そして北村大臣は、会見の終盤に自身の勉強不足があったかどうか尋ねられ、「あったと思うね」と、あっさりと勉強不足を認めた。その上で、「普通の大臣としての仕事ができるように、努めて参る」と述べた。去年9月の就任以来、約5カ月が経つが、いまだに勉強不足ということでは、厳しく追及されても仕方ないと言えるだろう。
番記者から見た北村大臣
では、北村大臣とはどんな人物なのか。その人柄について周囲の関係者に尋ねると、総じて「いい人」という声が返ってくる。私たち記者に対しても、挨拶に行くと「出身はどこか」などと聞き返してきて、気さくにいろいろな話をしてくれる。口調も穏やかで、偉ぶることもない。
その一方で、やや耳が遠いということもあり、周囲とのコミュニケーションには苦労しているときもあるようだ。記者会見でも、記者からの質問を聞き取れず、聞き直す場面が度々見られる。
身内からも厳しい声…本人だけでなくサポート役の官僚にも
迷走する北村大臣の答弁だが、政府与党内からは北村大臣を擁護する声もあがっている。
菅官房長官は7日、北村大臣の予算委員会での対応を問われ、「北村大臣は、北村大臣らしい味をしながら、答弁されていたんだろう」と述べている。さらに「まさに適材適所だと思っている」と人事に関しても問題ないという旨を強調した。
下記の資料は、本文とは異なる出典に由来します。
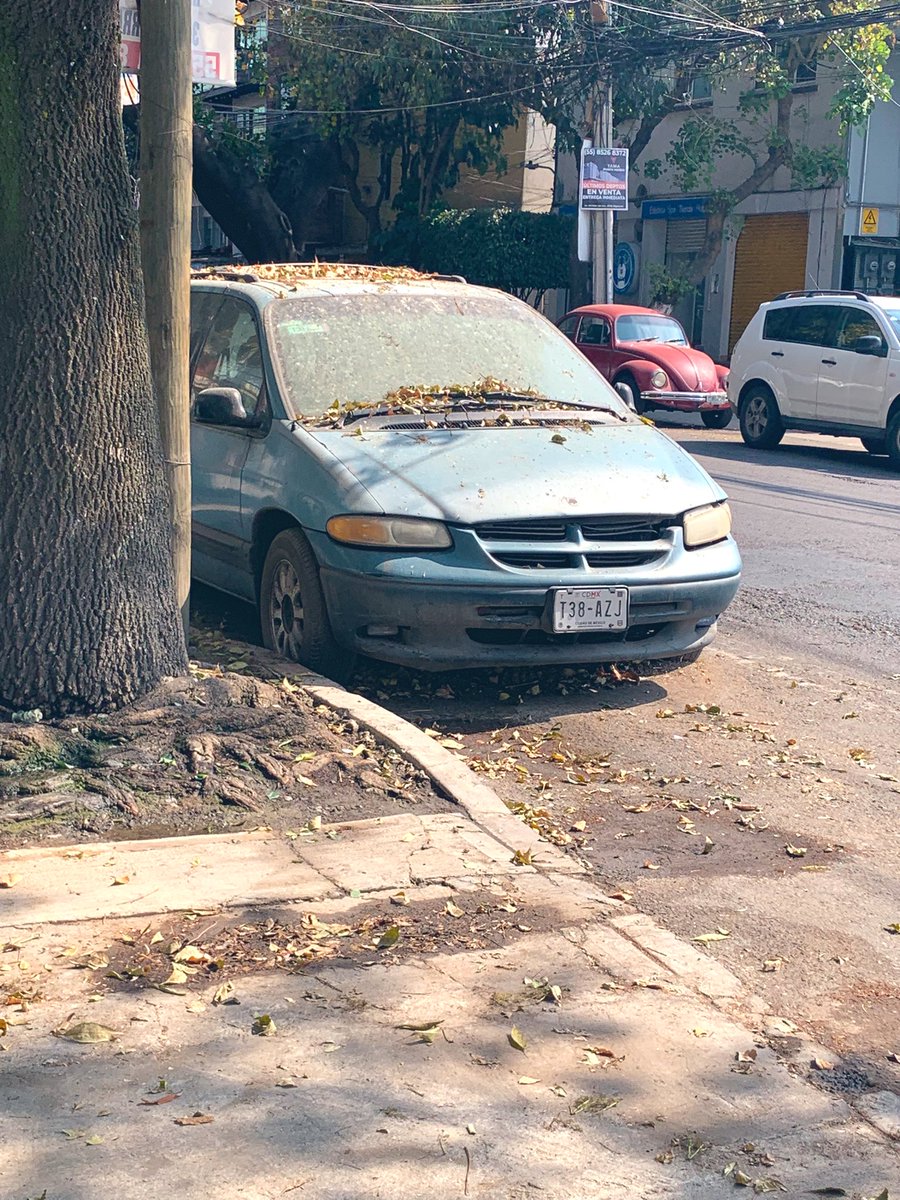 MejorandoCDMX's tweet photo. @UCS_GCDMX luz saviñon 712 en colonia del Valle coche abandonado https://t.co/wrZoW3ergF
また、自民党の世耕参院幹事長は「人によっては得手、不得手がある」として、「ご高齢であるから、瞬発力は難しいと思う」と、73歳の北村大臣をかばい、「きちっと答弁できる態勢を構築していくことが重要だ」と閣僚経験者としてのアドバイスを送った。内閣府の関係者も「公文書管理法の何条か、みたいな話はふつう役人も知らないし、答えが欲しいなら政府参考人に聞けばいい」と、野党の追及を批判している。
だが、身内である自民党関係者の中にも、厳しい目を向ける者は多い。北村大臣と同じ、岸田派の閣僚経験者は「あれは後ろの役人どもがダメだよ。北村さんができないのはわかってるんだから」と、秘書官らサポート役の官僚に対して厳しい指摘をしつつ、北村大臣の答弁能力不足を認めている。
実際、北村大臣の発言は官僚が事前に用意した文書を読み上げることが多い。ある内閣府の官僚は「役人側から見ると、こちらが用意した答弁をそのまま読んでくれるのはありがたい」と話している。しかし、いつまで経っても官僚の答弁を読むだけでは、自らの見識のない大臣だとの批判をまぬがれる事はできないだろう。
番記者との激論再び
週末を挟んで迎えた10日、この日も引き続き、閣議後の記者会見で番記者との激論が繰り広げられた。北村大臣は、前週の予算委員会で、自身が答弁に窮したことについて問われ「国会の場で当然、丁寧な説明ができるよう努めて参らなければいけない」と反省した一方で、「具体的な質問そのものを、事前にいただいていたわけではなかった」と、野党側の質問通告に対しての不満も口にした。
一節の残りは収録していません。